▸ **TASK INSTRUCTIONS**:
Transcribe all the data below exactly, leaving its pictures out.

▸ **DATA SHOWN**:
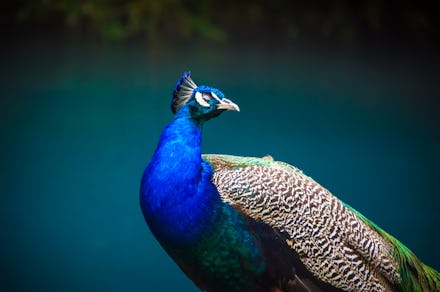 Beautiful peacock head. Portrait of beautiful peacock with feathers. Indian or blue peafowl. Peacock...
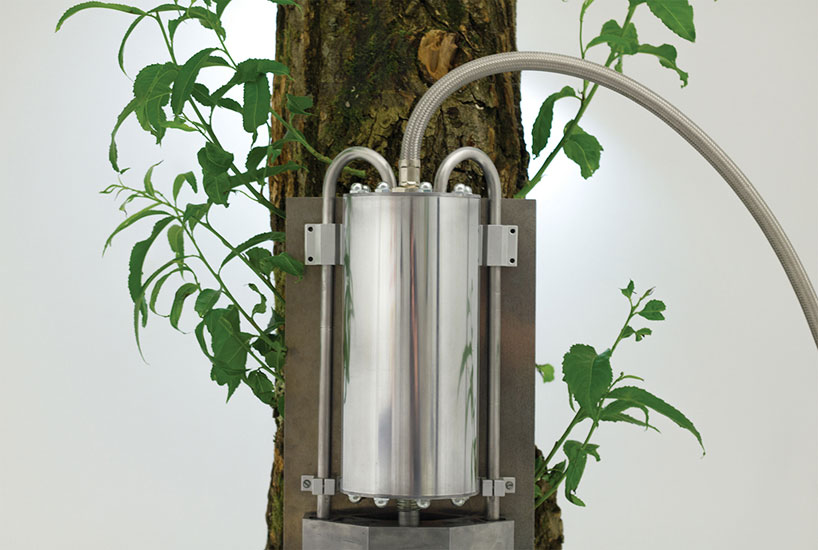 adam shephard uses energy from tree growth for production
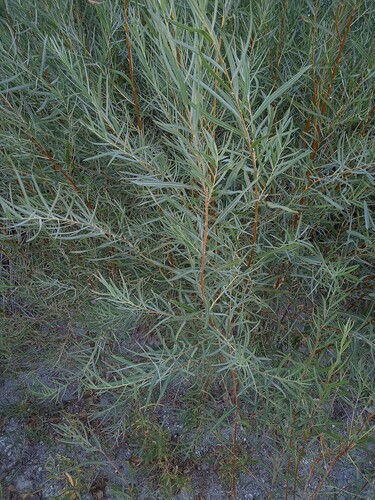 Narrowleaf Willow
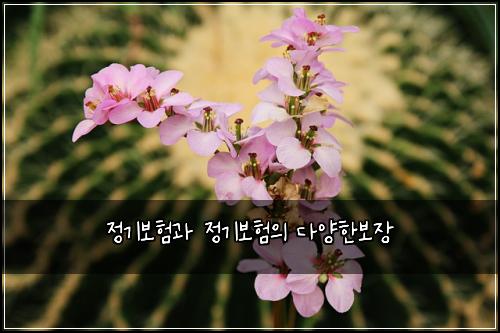 정기보험과 정기보험의 다양한보장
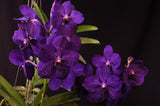 Vanda Pachara Delight 'Pachara' FCC/JOGA – Best Blue Vanda - Orchid Design
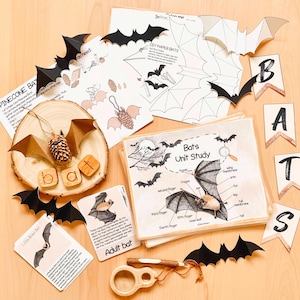 May include: A collection of bat-themed educational materials. Includes paper bats, a pinecone bat craft, flashcards, and a "Bats Unit Study" booklet. Wooden letters spell "bat". Black paper bats and banner letters spell "BATS".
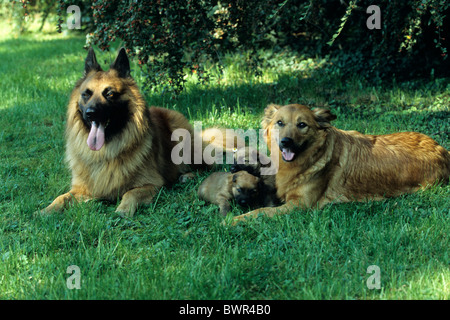 Harzer Fuchs Hunde Welpen Nachwuchs Schäferhund junge Tiere Tiere Hund Stockfoto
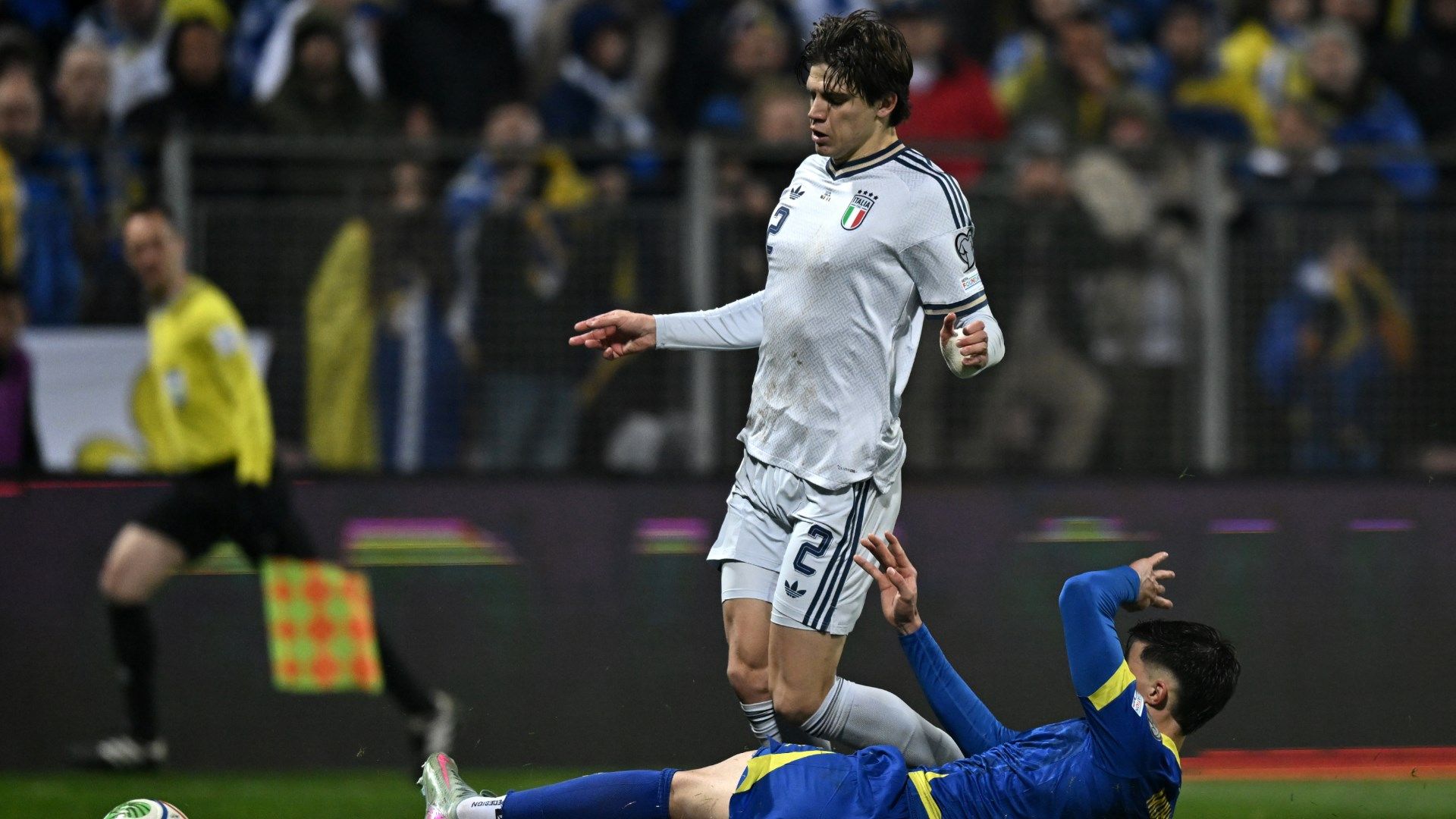 Palestra Muharemovic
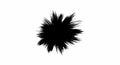 Abstract Black Brush Stroke on White Background Royalty Free Stock Photo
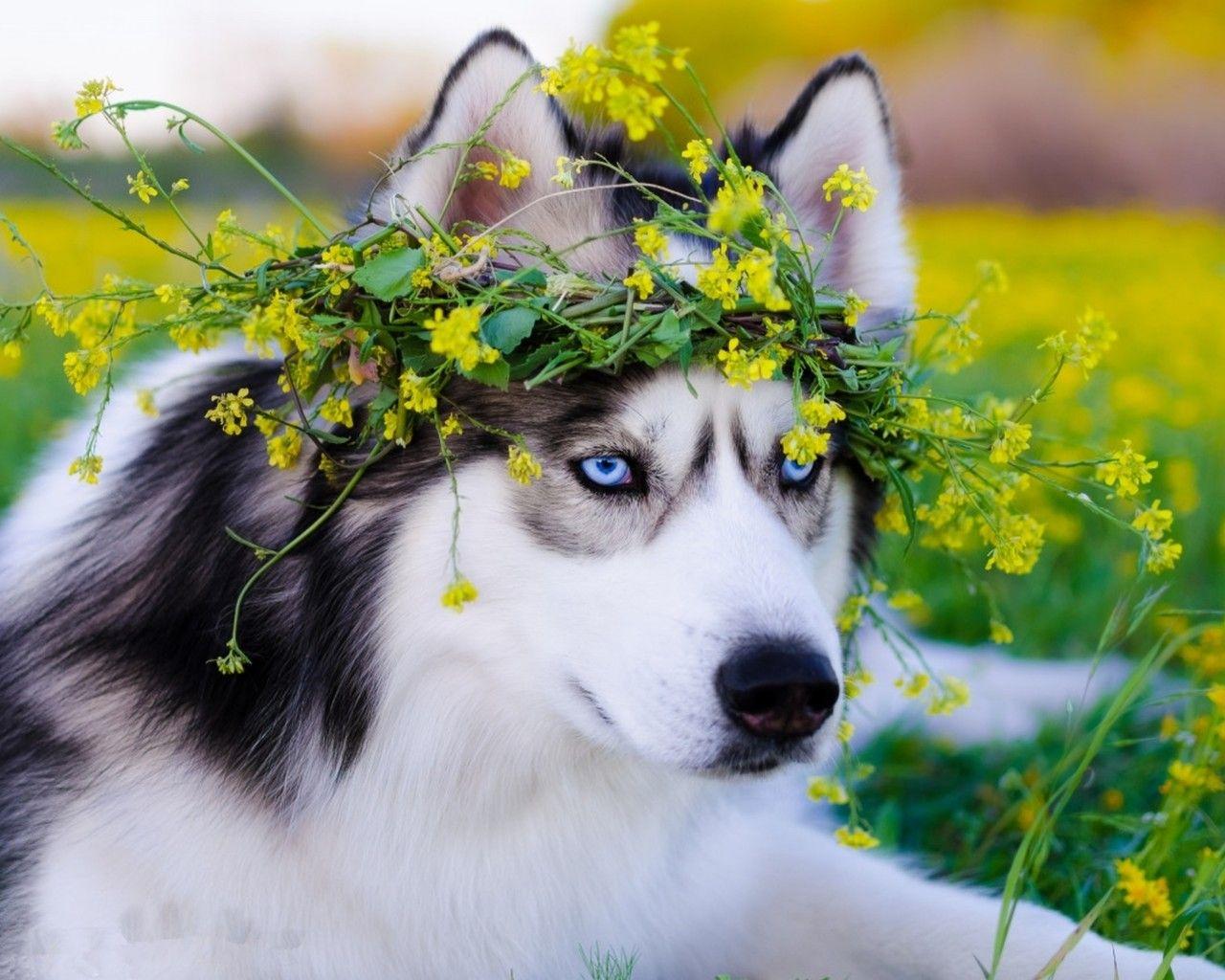 1280x1024 Siberian Husky Dog 1280x1024 Resolution HD 4k Wallpaper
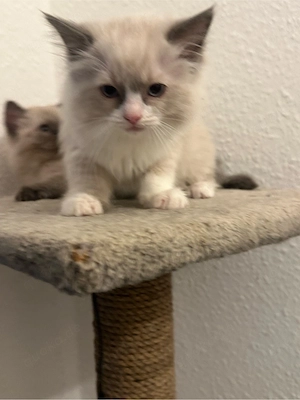 l Es handelt sich um Ragdoll-Kitten, sie sind zwei Monate a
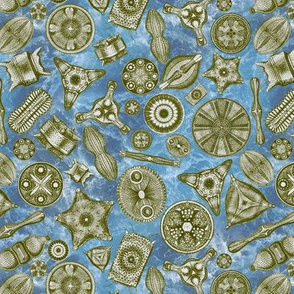 Ernst Haeckel Diatoms Moss Green Over Blue Water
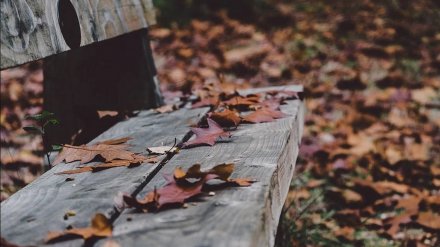 Автобусы для дачников отменят в Воронеже с 1 ноября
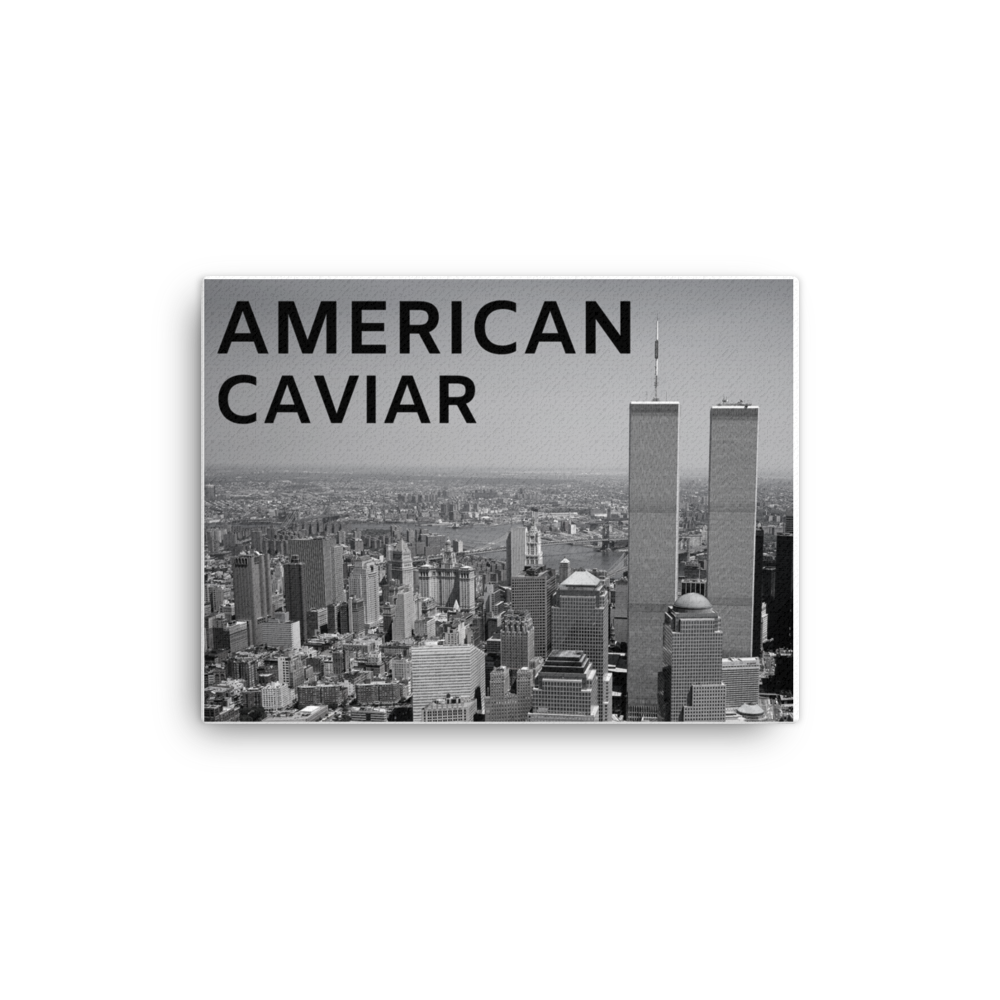 Twin Towers Canvas - Shirt Caviar 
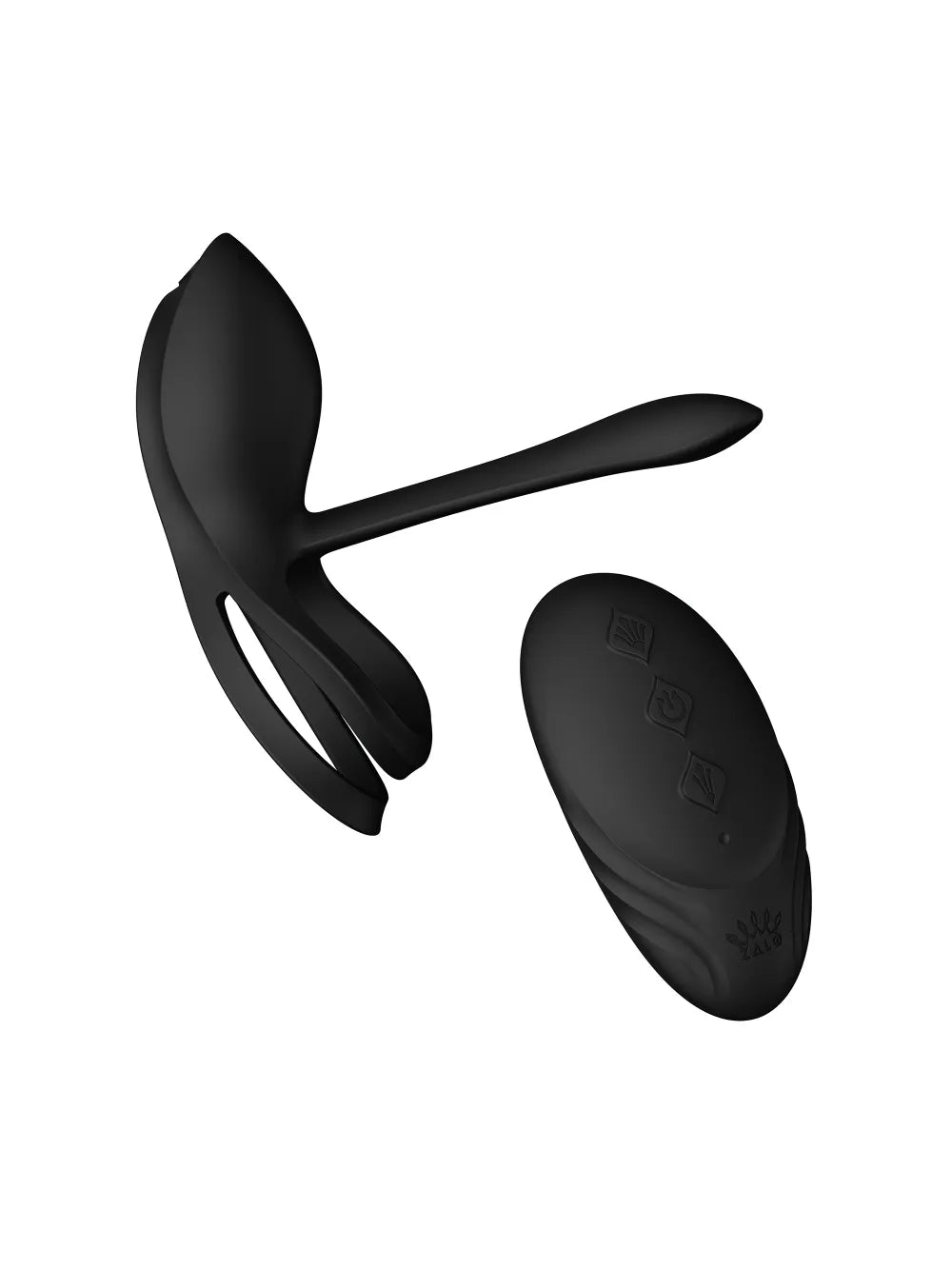 Bayed, l'anneau vibrant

▸ **EXERCISE RESULT**:
 Beautiful peacock head. Portrait of beautiful peacock with feathers. Indian or blue peafowl. Peacock...
 adam shephard uses energy from tree growth for production
 Narrowleaf Willow
 정기보험과 정기보험의 다양한보장
 Vanda Pachara Delight 'Pachara' FCC/JOGA – Best Blue Vanda - Orchid Design
 May include: A collection of bat-themed educational materials. Includes paper bats, a pinecone bat craft, flashcards, and a "Bats Unit Study" booklet. Wooden letters spell "bat". Black paper bats and banner letters spell "BATS".
 Harzer Fuchs Hunde Welpen Nachwuchs Schäferhund junge Tiere Tiere Hund Stockfoto
 Palestra Muharemovic
 Abstract Black Brush Stroke on White Background Royalty Free Stock Photo
 1280x1024 Siberian Husky Dog 1280x1024 Resolution HD 4k Wallpaper
 l Es handelt sich um Ragdoll-Kitten, sie sind zwei Monate a
 Ernst Haeckel Diatoms Moss Green Over Blue Water
 Автобусы для дачников отменят в Воронеже с 1 ноября
 Twin Towers Canvas - Shirt Caviar 
 Bayed, l'anneau vibrant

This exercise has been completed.